Die Abreise in Freiburg.
Die schwarze Vespa glänzt in der Sonne. Der Tag ist schwül, ein Gewitter kündigt sich an. Schlechtes Timing, ich hatte morgens losfahren wollen, aber Müdigkeit und letzte technische Probleme verzögern die Abreise. Kein guter Start für ein so wagemutiges Abenteuer wie dieses. Ein Kumpel hilft beim Packen und verzurrt den Schlafsack hinter dem Sitz. Der Abschied verläuft kurz, ich glaube man hält mich für ein wenig verrückt. Beim ersten Tritt springt der Motor an, klackernd greift der erste Gang des unsynchronisierten Getriebes. Die Kupplung kommt früh und die geradverzahnte Primärübersetzung singt ihr Lied. Was gibt es schöneres, als Fahrtwind in den Haaren? Aus Freiburg hinaus verfinstert sich der Himmel, bei Denzlingen schlägt der Regen urplötzlich und mit voller Wucht zu. Schon nach wenigen Sekunden bin ich völlig durchnässt. Weit und breit kein Unterstand zu finden. Die Sicht beträgt nun weniger als 20 Meter und rücksichtslose Autofahrer, die im Vergleich zu mir im Trockenen sitzen, überholen auf beiden Seiten. Unter einem kleinen Vordach in einer Einfahrt ziehe ich die Regenjacke und den Regenparka, sowie meine alten Marinestiefel an. Liegestützen halten warm und verkürzen das Warten, bis sich der Schauer legt. Doch viel besser wird es nicht. Also ziehe ich die regendichte Fliegerbrille auf und fahre weiter. So habe ich mir die Reise nicht vorgestellt. Keine 30 Kilometer nach dem Start machen sich harte Zweifel breit, ob das Vorhaben realistisch ist.

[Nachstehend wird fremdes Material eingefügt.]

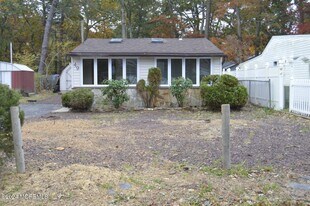 49 Maple St in Ocean Township, NJ - Building Photo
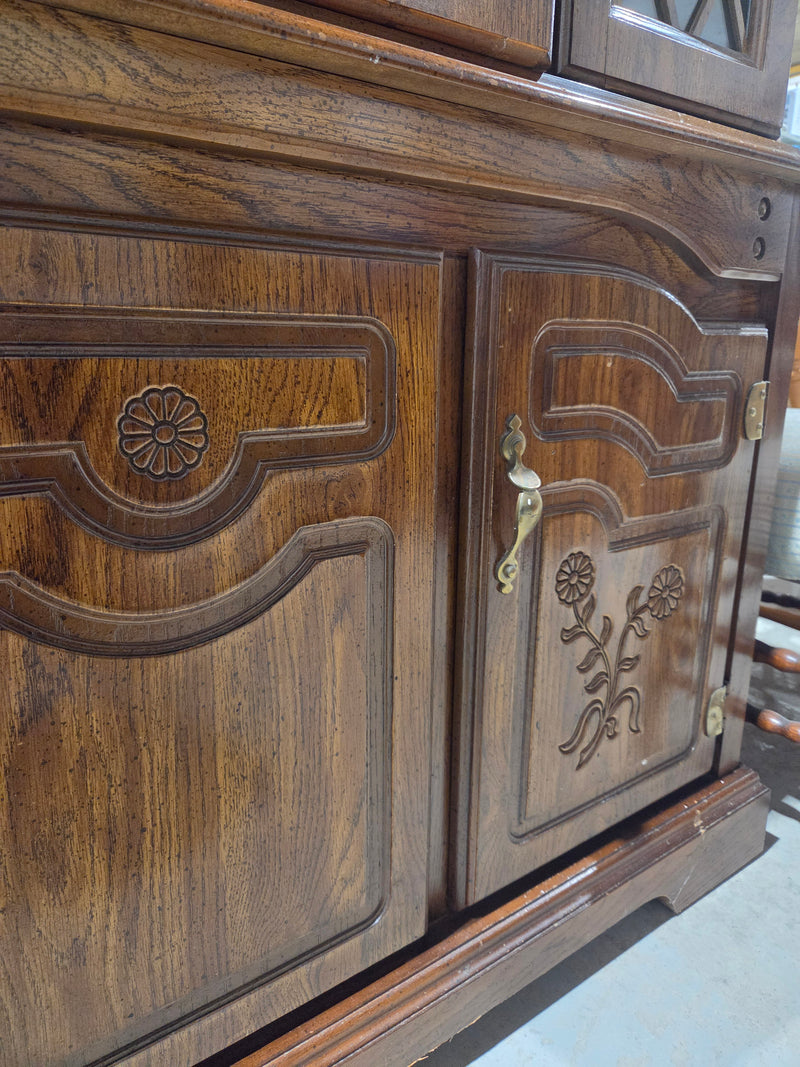 Vintage Traditional Wood China Cabinet Hutch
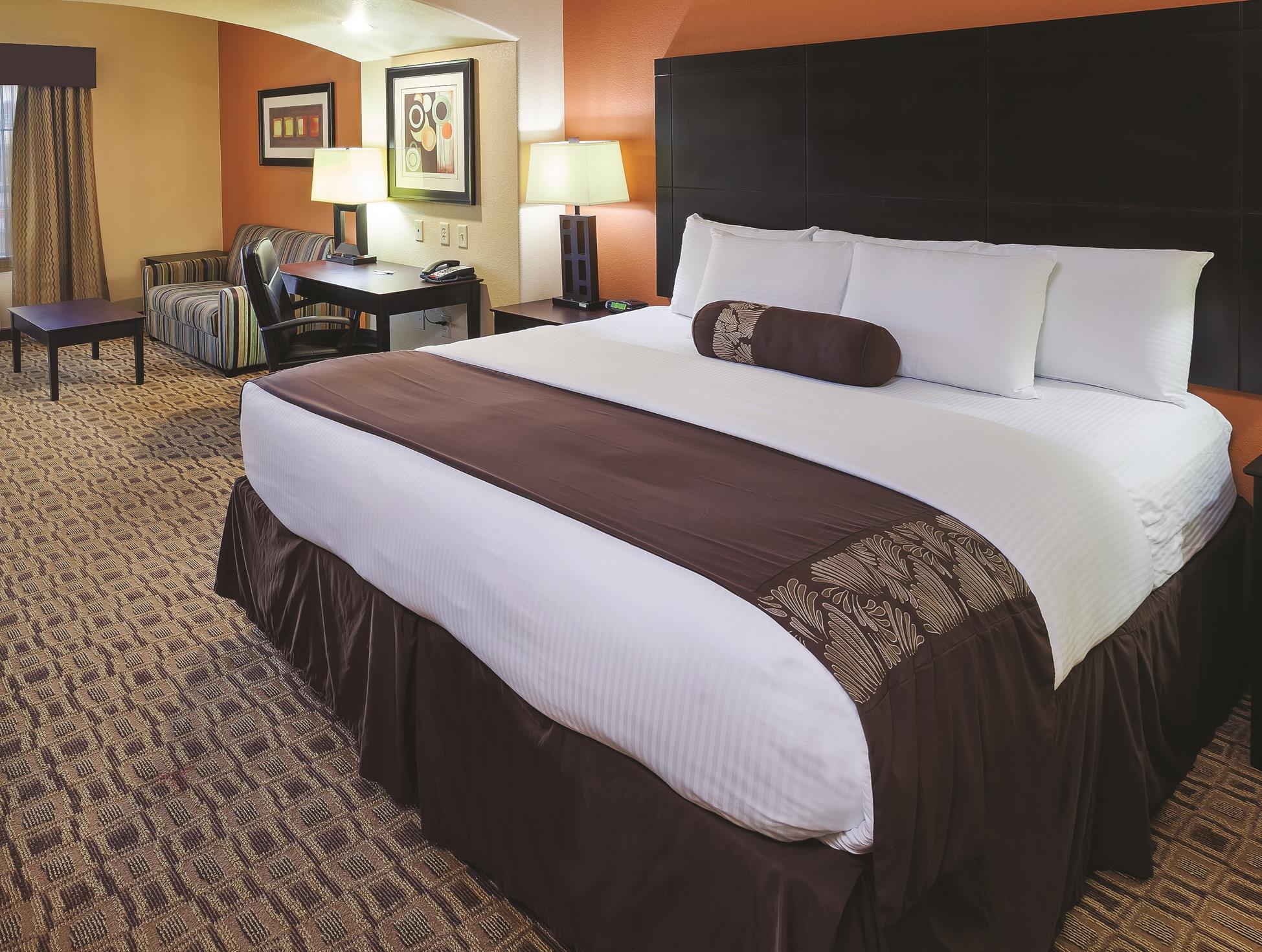 ラ キンタ イン & スイーツ バイ ウィンダム サーシー 写真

Im strömenden Regen geht es weiter durch Emmendingen nach Karlsruhe. Schon hier sollte sich eine der größten Schwierigkeiten dieser Reise offenbaren:  Bundesstraßen. Ungenau Karten und schlechte Routenplanung führten immer wieder unweigerlich zu Um- und Irrwegen. Ohne Vorwarnung verwandeln sich an vielen Stellen Bundesstraßen zu vierspurigen Schnellstraßen. Urplötzlich befand ich mich zwischen Autos und Lastern, die mit 120km/h an mir vorbei rasten. Da half es nur, schnell die nächste Ausfahrt zu erreichen, sich neu zu orientieren und sich möglichst parallel zur Schnellstraße zu halten. So musste ich oft aufwändige Umfahrungen dieser Abschnitte in Kauf nehmen. Allein Karlsruhe brachte einen Zeitverlust von einer knappen Stunde mit sich.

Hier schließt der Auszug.